PROBLEM DESCRIPTION. Each entry should be transcribed exactly as written, and any picture left out.

Items listed in a dataset
····················

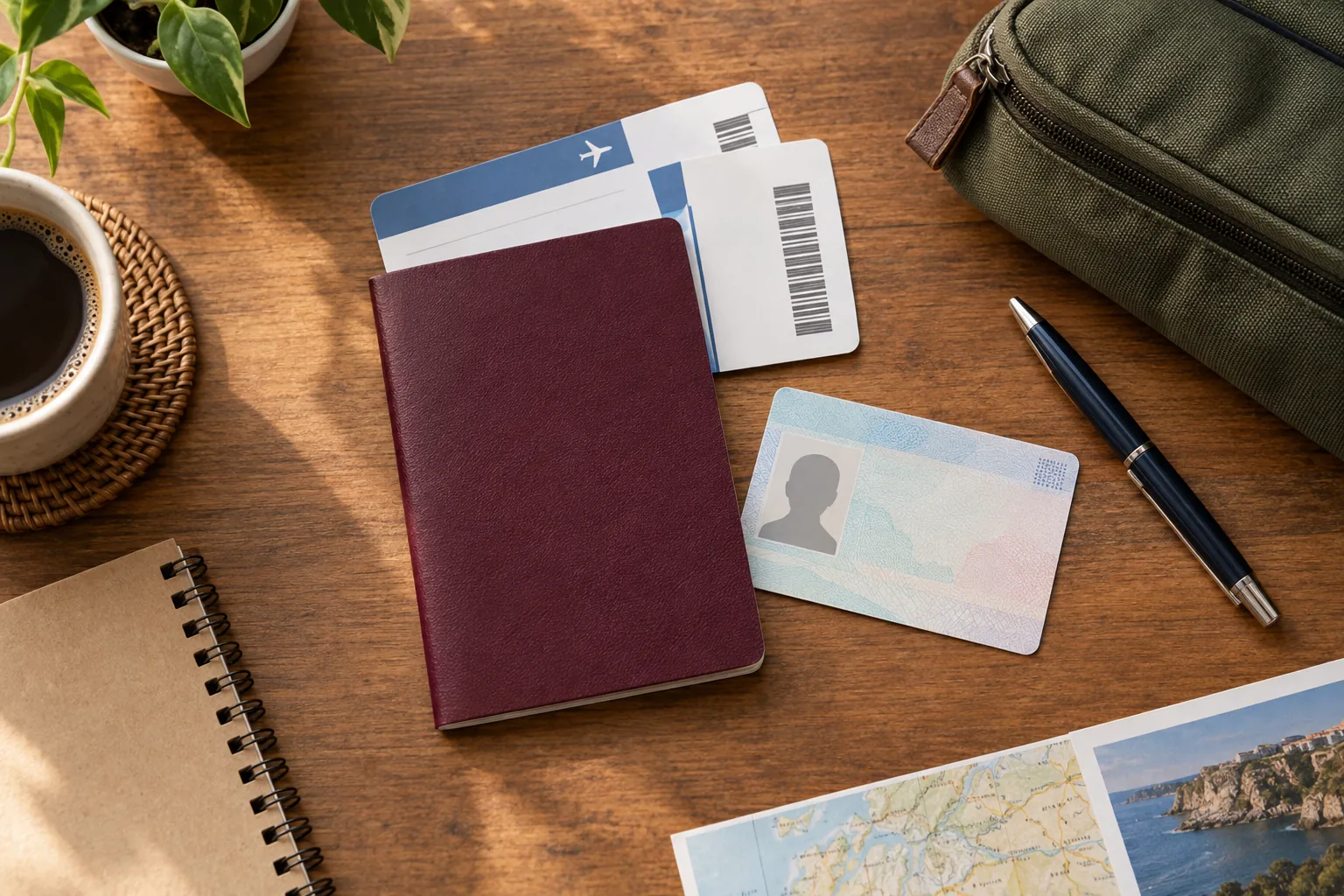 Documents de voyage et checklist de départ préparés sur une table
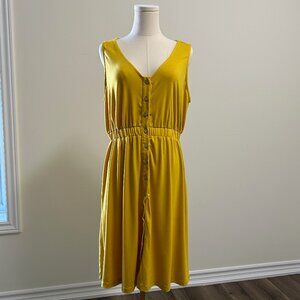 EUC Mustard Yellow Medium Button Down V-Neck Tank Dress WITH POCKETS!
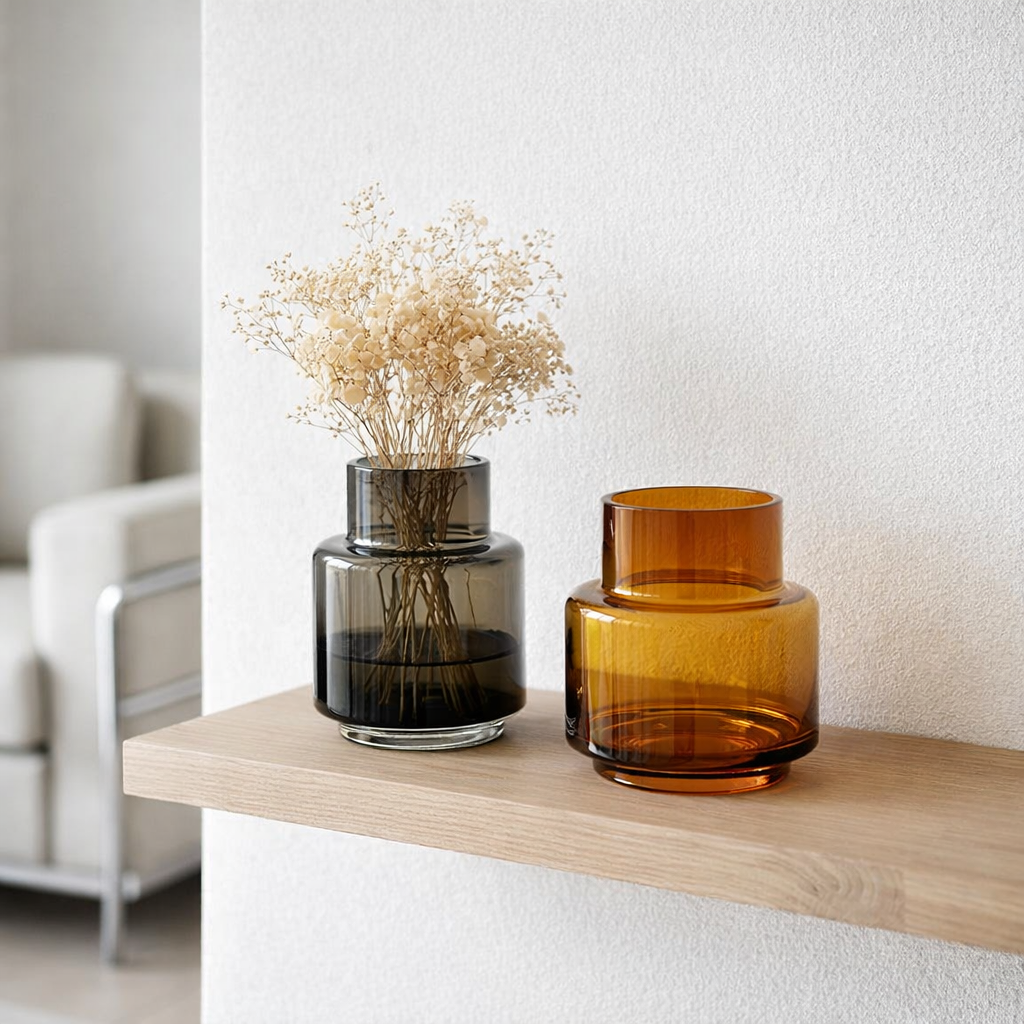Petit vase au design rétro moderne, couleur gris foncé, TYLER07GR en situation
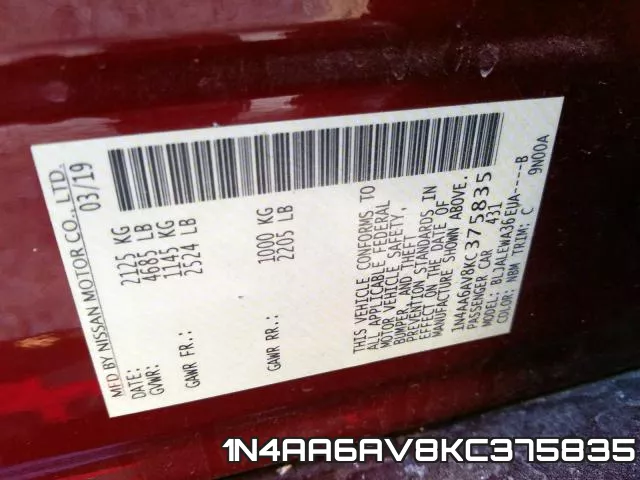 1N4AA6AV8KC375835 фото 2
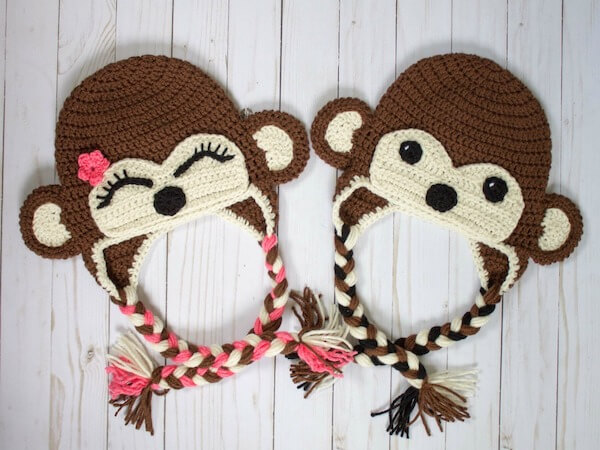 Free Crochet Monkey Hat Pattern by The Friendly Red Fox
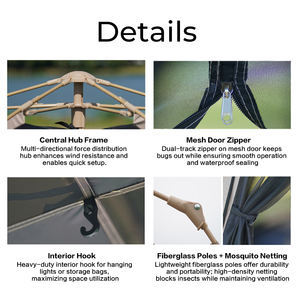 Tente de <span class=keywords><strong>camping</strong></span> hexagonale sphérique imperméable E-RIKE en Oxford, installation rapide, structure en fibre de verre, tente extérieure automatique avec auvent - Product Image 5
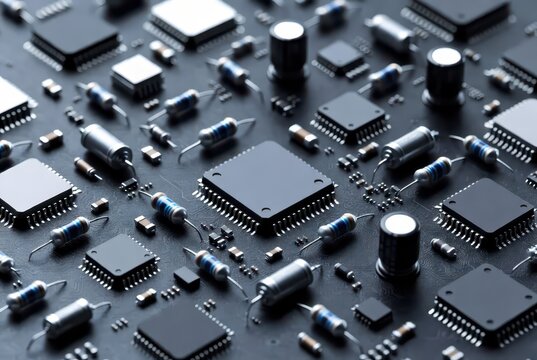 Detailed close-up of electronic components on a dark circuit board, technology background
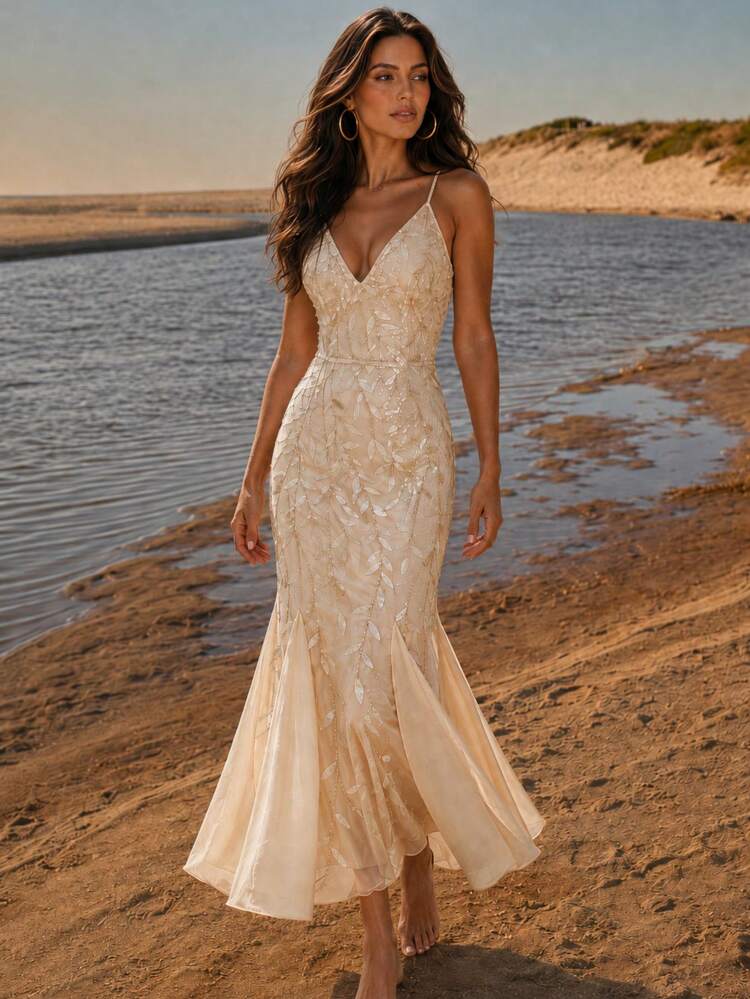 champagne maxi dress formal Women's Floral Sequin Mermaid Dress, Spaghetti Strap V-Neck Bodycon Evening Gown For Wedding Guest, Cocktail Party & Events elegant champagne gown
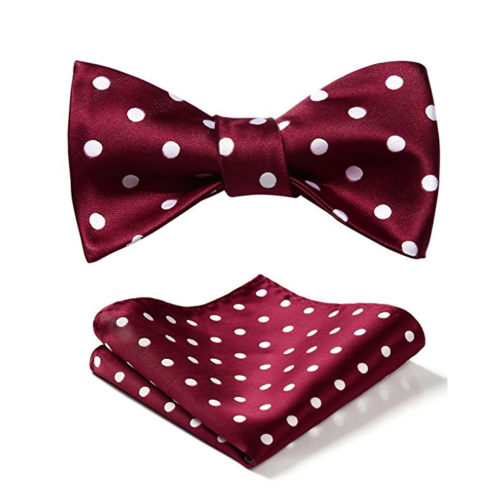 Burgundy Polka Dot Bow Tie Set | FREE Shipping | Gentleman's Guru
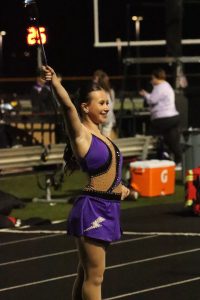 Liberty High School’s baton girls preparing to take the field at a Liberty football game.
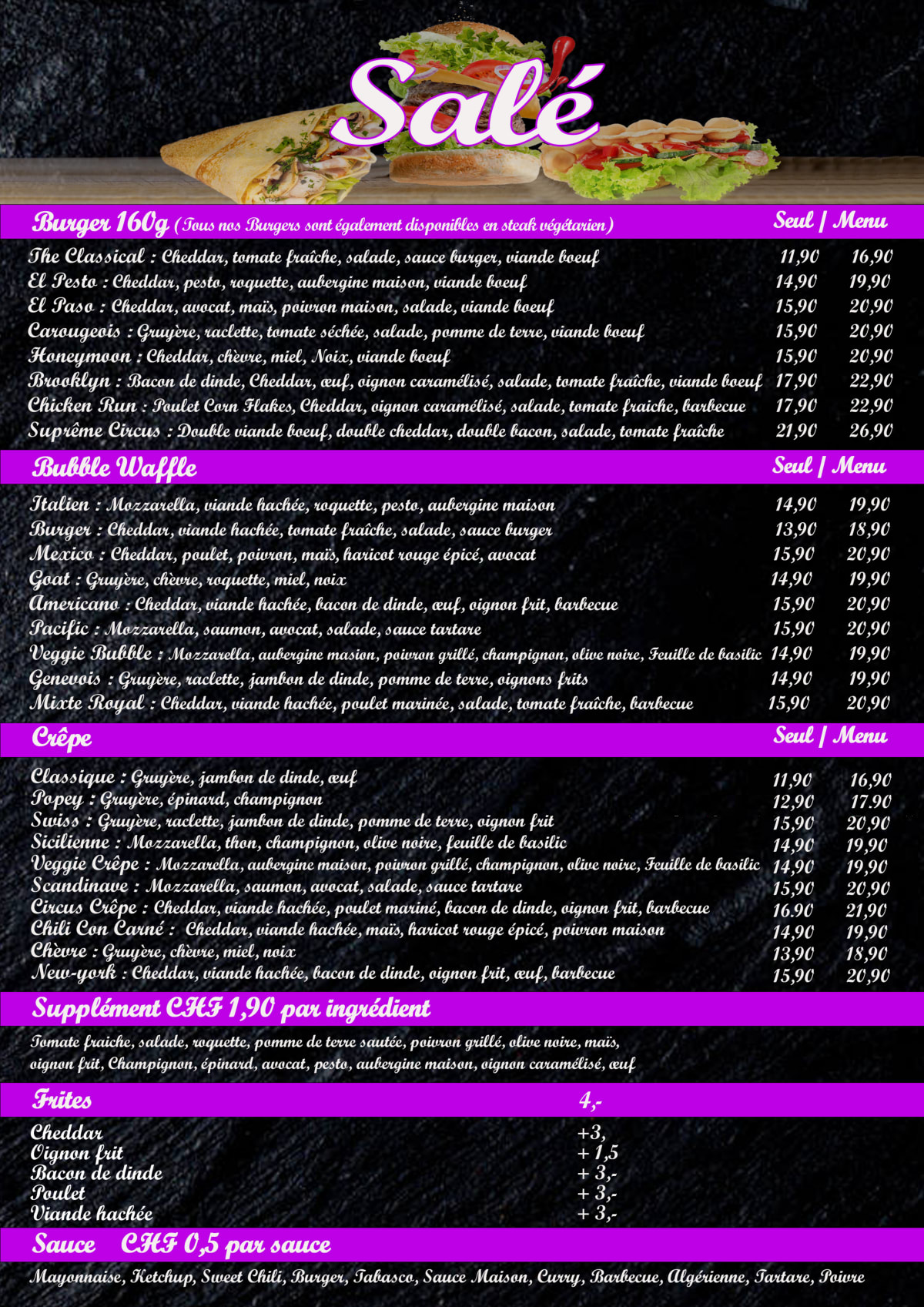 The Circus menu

····················

RESPONSE AREA.
 Documents de voyage et checklist de départ préparés sur une table
 EUC Mustard Yellow Medium Button Down V-Neck Tank Dress WITH POCKETS!
Petit vase au design rétro moderne, couleur gris foncé, TYLER07GR en situation
 1N4AA6AV8KC375835 фото 2
 Free Crochet Monkey Hat Pattern by The Friendly Red Fox
 Tente de <span class=keywords><strong>camping</strong></span> hexagonale sphérique imperméable E-RIKE en Oxford, installation rapide, structure en fibre de verre, tente extérieure automatique avec auvent - Product Image 5
 Detailed close-up of electronic components on a dark circuit board, technology background
 champagne maxi dress formal Women's Floral Sequin Mermaid Dress, Spaghetti Strap V-Neck Bodycon Evening Gown For Wedding Guest, Cocktail Party & Events elegant champagne gown
 Burgundy Polka Dot Bow Tie Set | FREE Shipping | Gentleman's Guru
 Liberty High School’s baton girls preparing to take the field at a Liberty football game.
 The Circus menu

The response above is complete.